Susan Jacoby's new book fell into my hands the other day. It is entitled Never Say Die: The Myth and Marketing of the New Old Age (Pantheon, 2011). Although I noticed some things in the first chapter that are clearly true and worth pointing out, the preface raised my critical eyebrows a bit. But I agree with Jacoby's realism:
. . . to suggest that ninety may soon become the new fifty -- the premise of a panel at the widely publicized annual World Science Festival held in New York City in 2008 -- is to engage in magical thinking. (5)
Surely she is right about that.
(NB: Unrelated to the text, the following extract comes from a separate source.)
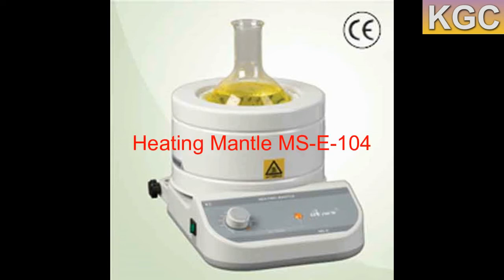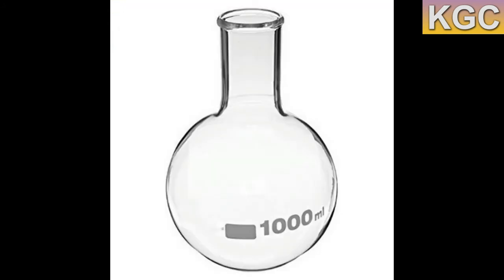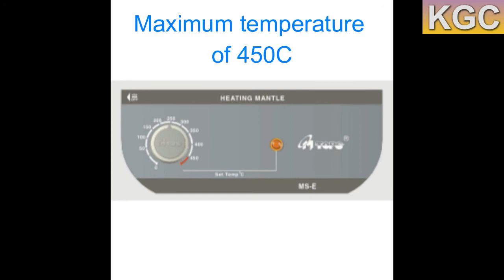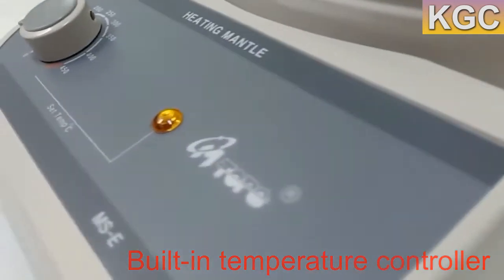The heating mantle with regulator control MSC 104 is produced by Korean brand New Tops. It is used for round bottom flasks, reaching a maximum temperature of 450 degrees Celsius. The heating mantle has an analog built-in temperature controller and can be controlled effectively from low temperature to high temperature.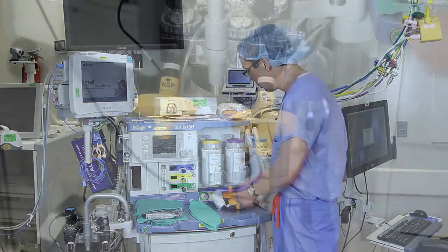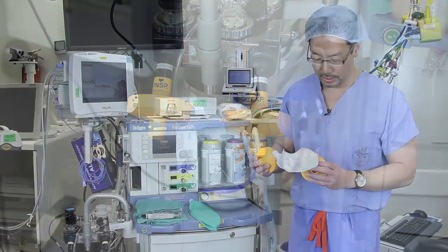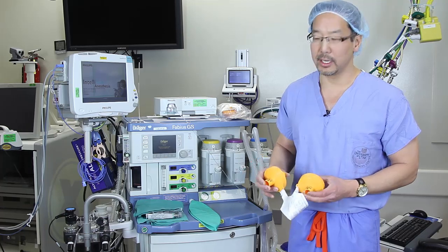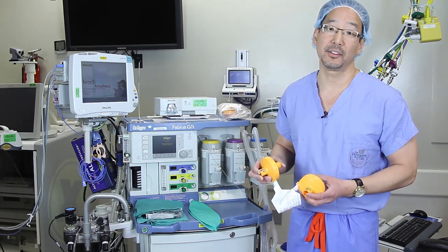The VaporClean is a new filter system that has been on the market since 2010. When using these filters, you can have your anesthesia machine ready for a susceptible MH patient in less than 90 seconds.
In the preface she writes,
I hope that this book about the genuine battles of growing old will provide support for all who draw their strength and courage from reality, however daunting that reality may be, rather than from platitudes about “defying old age.” This commonly used phrase in the annals of the so-called new old age ﬁlls me with rage, because the proximity of old age to death is not only undeﬁable but undeniable. Anger, by the way, is another emotion considered inappropriate in the old; the dubious notion of the “wisdom of old age” rests on the belief that elders can, and should, transcend the passions, vaulting ambition, and competitiveness of their younger adult lives and arrive at some sort of peace that passeth all understanding.
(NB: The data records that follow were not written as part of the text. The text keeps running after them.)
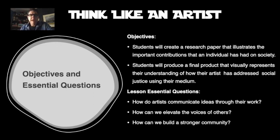Lesson essential questions — if we've done our lesson well, this is what's going to happen. How do artists communicate ideas through their work? We've already seen that, like with Indy 18 and the Black Lives Matter mural they painted downtown. How can we elevate the voices of others, specifically in the context of social justice? How can we lift up the voices of those whose voices have been marginalized by individuals and a system? And lastly, how can artists specifically use their voices to help build a stronger community?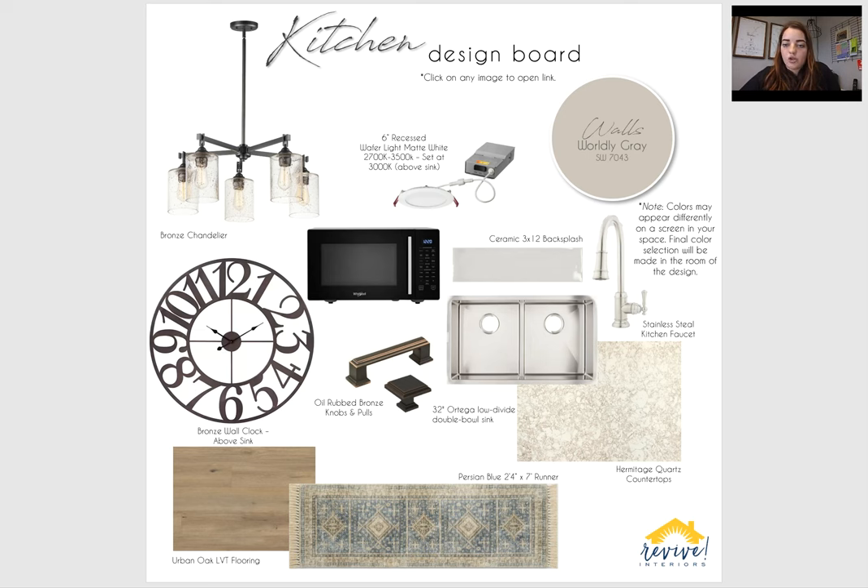And then this ceramic backsplash — it's a 3x12, really pretty, light gray with a little brown undertone. It's glossy, so it'll reflect light, especially with your under cabinet light. And this Hermitage quartz countertops will also be glossy to help reflect light. When you zoom in on the picture, you'll see they have light gray in them, so the backsplash will complement those quartz countertops really nicely. And then just a stainless steel undermount sink — same with the faucet, stainless steel, to mix the browns and the grays.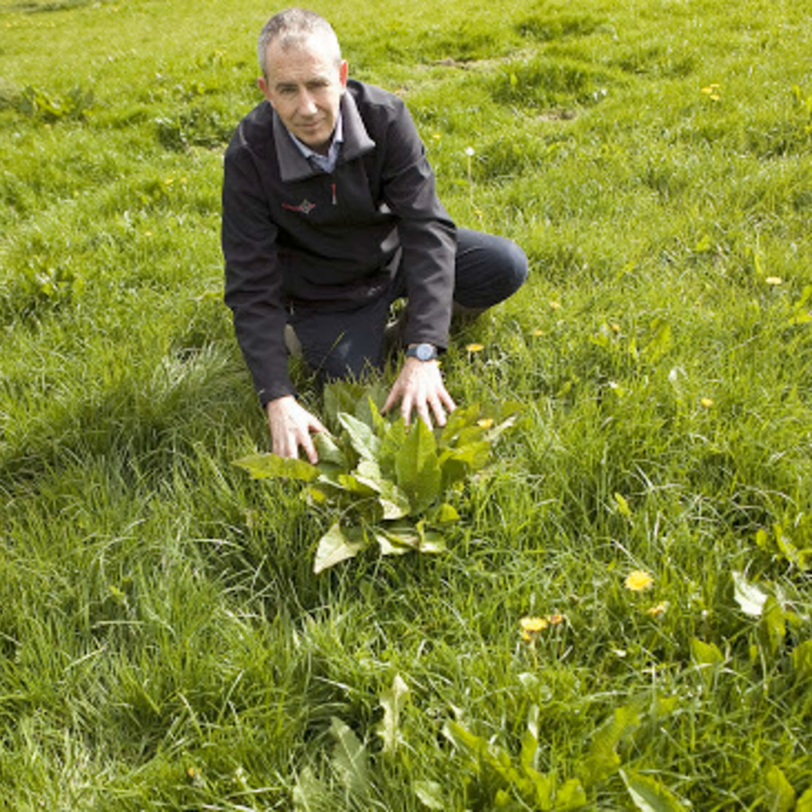Lax grazing with no paddock system in place — cattle set-stocked — is prime for allowing rushes to develop, especially where poaching is occurring, as that opens up the sward creating areas where water can hold, which is ideal for rush proliferation. There is also the drainage option, which is very expensive — a proper drainage job can cost in the region of two to three thousand euros per acre. Every farmer needs to assess what's the best solution, especially with some environmental schemes coming that include payments for less intensively managed swards.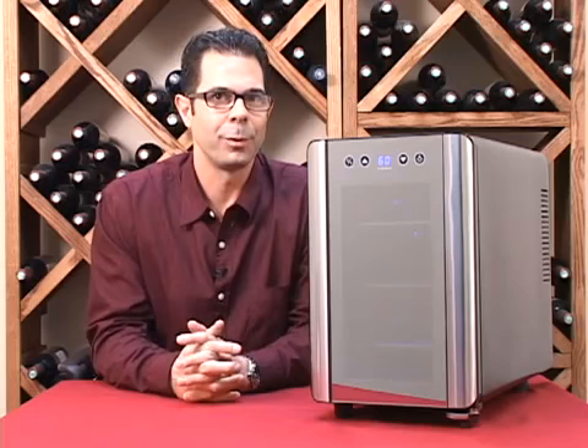And if you have any questions on the six-bottle unit or any of our products, just give us a call at 800-377-3330. Cheers.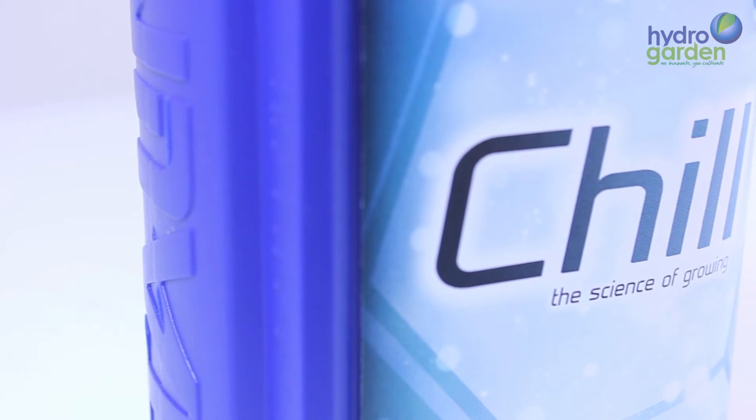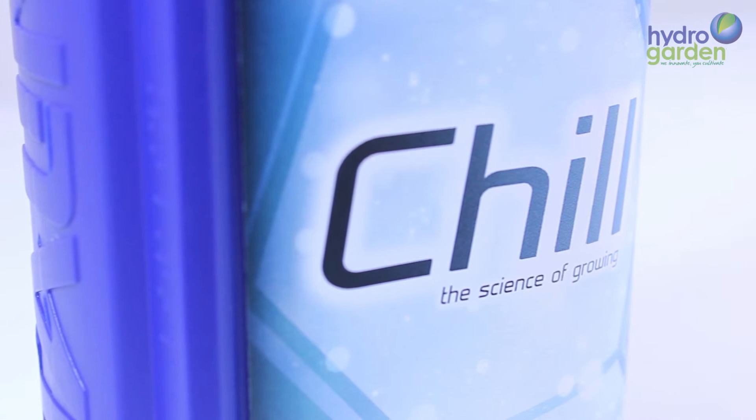Hello and welcome to the HydroGarden TV channel. In this brief video we will look at Vitalink Chill.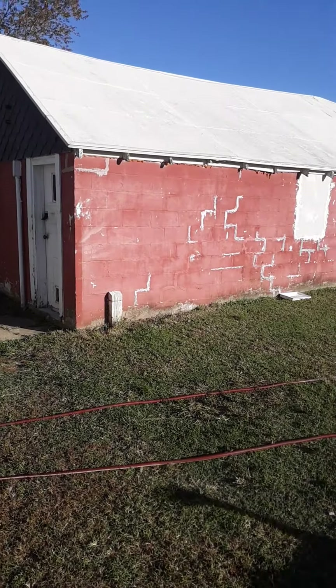Every homestead's got to have a mouser, and you've got to have a dog for security. He lets me know, when I'm home, if somebody is too close to his yard.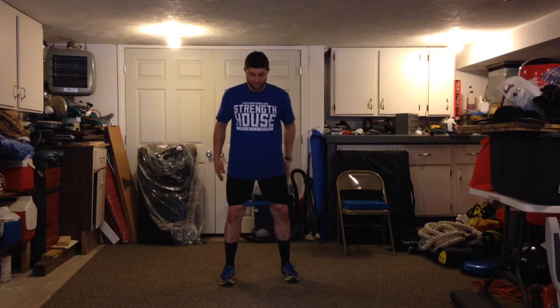I'll show you from the front and then from the side. Keeping weight through my heels, chest is up. Notice how the band's coming out while my knees are pushing it out.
It is no doubt silly to speak of 'defying old age,' but why should this phrase elicit rage in the 63 year old Boomer? And then, half-perceiving the inappropriateness of rage over such a thing, especially in a 63 year old, she opines that it is dubious that as we age we can and should transcend the passions, give up ambition, and set aside our youthful competitiveness. Finally, making matters worse, she adduces a religious phrase that she doesn't understand.
On the contrary, I say
1. To live enslaved to one's passions is obviously bad and has been seen as bad in all the major wisdom traditions. It is precisely one of the compensations of old age, which I take to begin at 60, that it is easier and easier to free oneself from the grip of passion. The fire down below begins to subside, to mention the central and most delusive passion. The Buddhist injunction, "Conquer desire and aversion," is much easier to implement once the fires of lust have damped down. Self-mastery is something within our power and something we ought to pursue. As I see it, Jacoby rightly opposes one form of contemporary nonsense, the Forever Young nonsense, only to succumb to another form of contemporary nonsense, namely, that passion is good.
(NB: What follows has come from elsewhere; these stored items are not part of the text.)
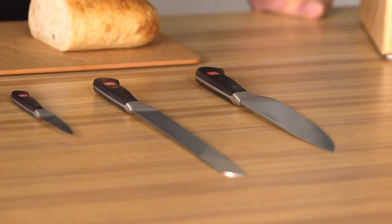Hi, I'm Executive Chef Mike Garrity with Wusthof Trident of America, and today we're going to talk about the three essential knives every cook needs in their kitchen toolbox.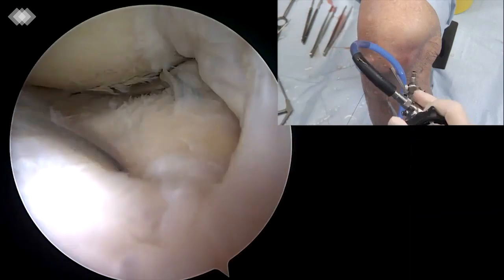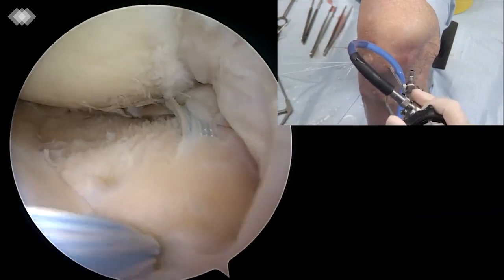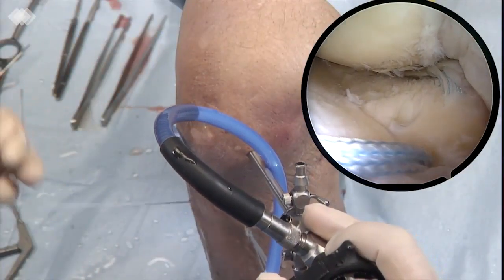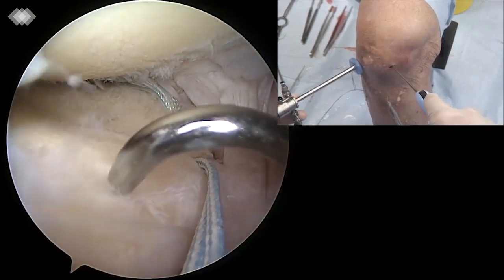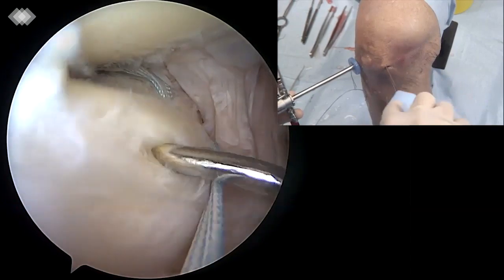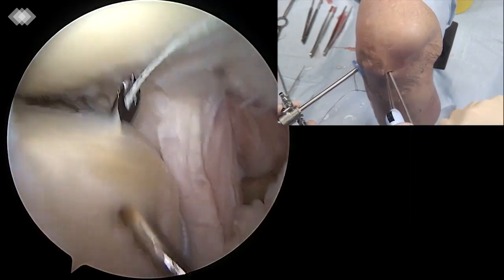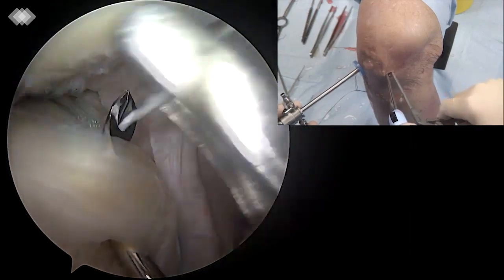A suture lasso with nitinol passing wire is passed through the tibial tunnel. The passing wire is recovered with a mini-shooter retriever through the anterior-medial portal. A fiber wire number 2 creates a loop shuttle and passes down the tibial tunnel. The fiber wire loop is maintained out at the anterior-medial portal while the two extremities pass through the tibia.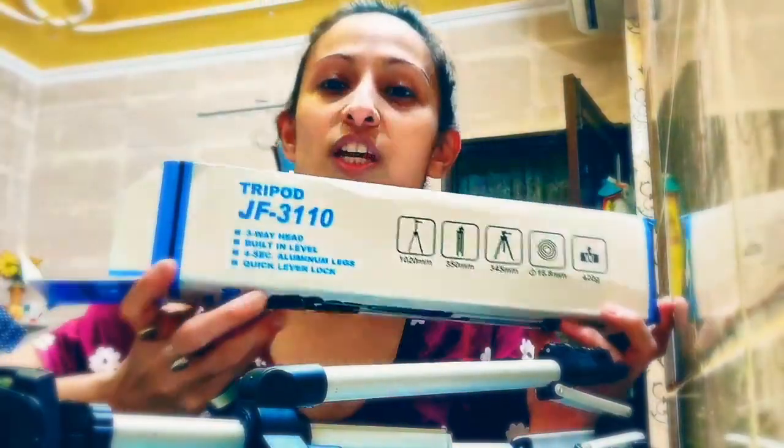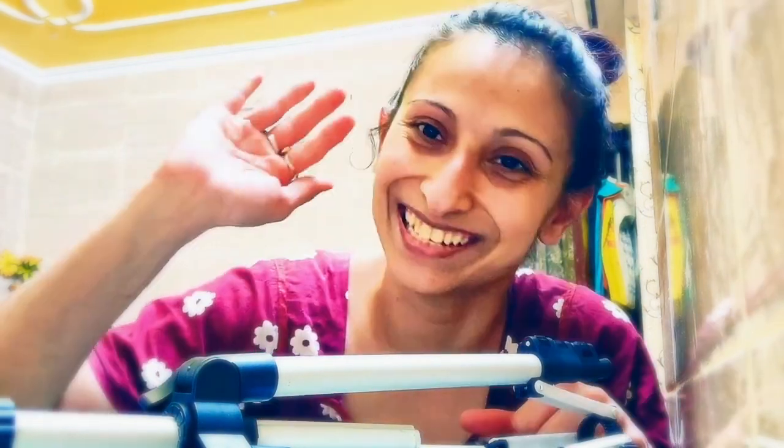The code is JF3110. If you liked this video and got information, please like this video. Subscribe to my channel so that my motivation will grow, and share it with everyone else. Take care, bye bye.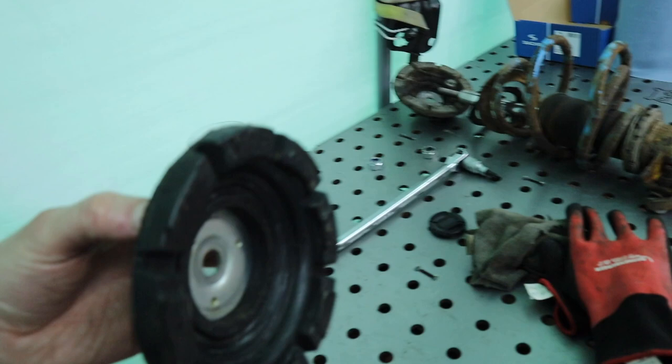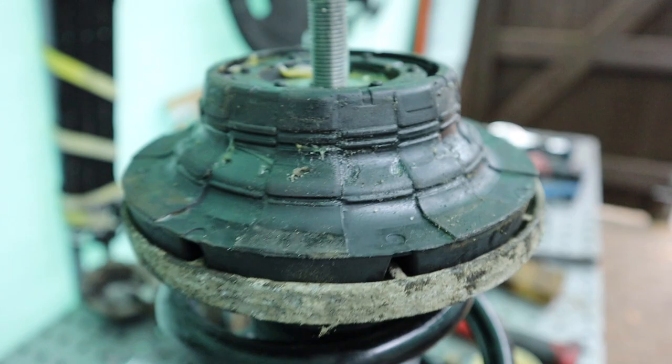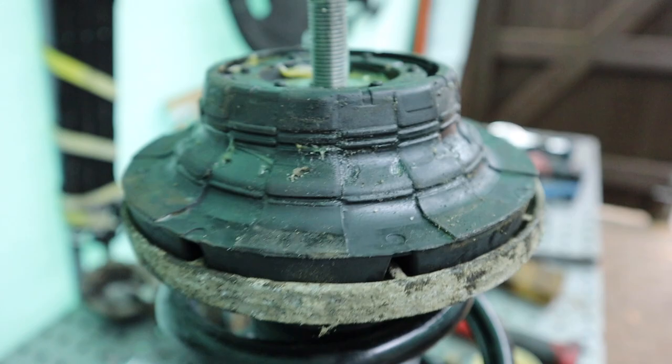Now it makes sense — see these grooves in the rubber top mount? They locate on those grooves there. See, bump there, and it goes like that. And then it's your top nut, which is off that, and then it's back into the van.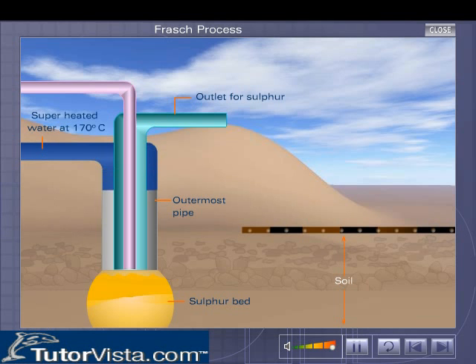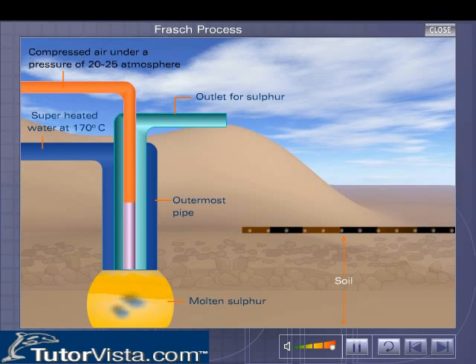Superheated water at about 170 degrees Celsius under pressure is pumped into the outermost pipe. The superheated water enters the sulfur bed and melts the sulfur present in it. Compressed air under a pressure of about 20 to 25 atmospheres is then pumped in through the innermost pipe.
2. As for ambition, lack of ambition in the young is rightly seen as a defect. But when the old are still driven by their old ambitions, none of which were of too lofty a nature, are they not fools? For the old ambitions, appropriate as they were in youth, have become absurd in old age. Life is, or at least ought to be, progressive disillusionment, a growing insight into the ultimate nullity of name and fame, status and position, loot and lucre. Or, as I put it in an aphorism:
The young, astride their steeds of ambition, should gallop boldly into the fray. But the old should know when to quit the game and dismount into dis-illusion. Homo ludens, when sapient, knows when to become de-luded.
3. The same goes for competitiveness. You waste your old age if you don't use it to see through "finite competitive selfhood" to borrow a fine phrase from A. E. Taylor. What baubles and trinkets are you competing for, old man? What are they worth? You were once a child but then you put aside childish things. Why do you cling still to the toys of adulthood?
4. At the end of the above-quoted passage Jacoby adduces a New Testament phrase that she obviously does not understand. At Philippians 4:7 in the King James Version, we read "And the peace of God, which passeth all understanding, shall keep your hearts and minds through Christ Jesus." So typical of a secularist to mock religion and then twist a line of religious provenience around to her own purposes! This misuse of religious language is something that ought to be opposed.
And particularly block-headed is her reference to William Wordsworth at the end of her preface:
Anyone who has outlived his or her passions has lived too long. Wordsworth got it exactly right, at the tender age of thirty-seven, in his “Ode: Intimations of Immortality from Recollections of Early Childhood”: O joy! That in our embers / Is something that doth live, / That nature yet remembers / What was so fugitive!
If she had read the Ode carefully she would have known that it is deeply otherworldly and Platonic in inspiration. It is about experiences that some of us had as children, experiences in which hints of our higher origin were vouchsafed to us. It has nothing to do with "The search for new, earthbound ways to express lifelong passions . . . ."
I am reminded of Georg Lichtenberg's aphorism, Ein Buch ist ein Spiegel, wenn ein Affe hineinguckt, so kann freilich kein Apostel heraus sehen. "A book is a mirror: if an ape looks in, no apostle will look out."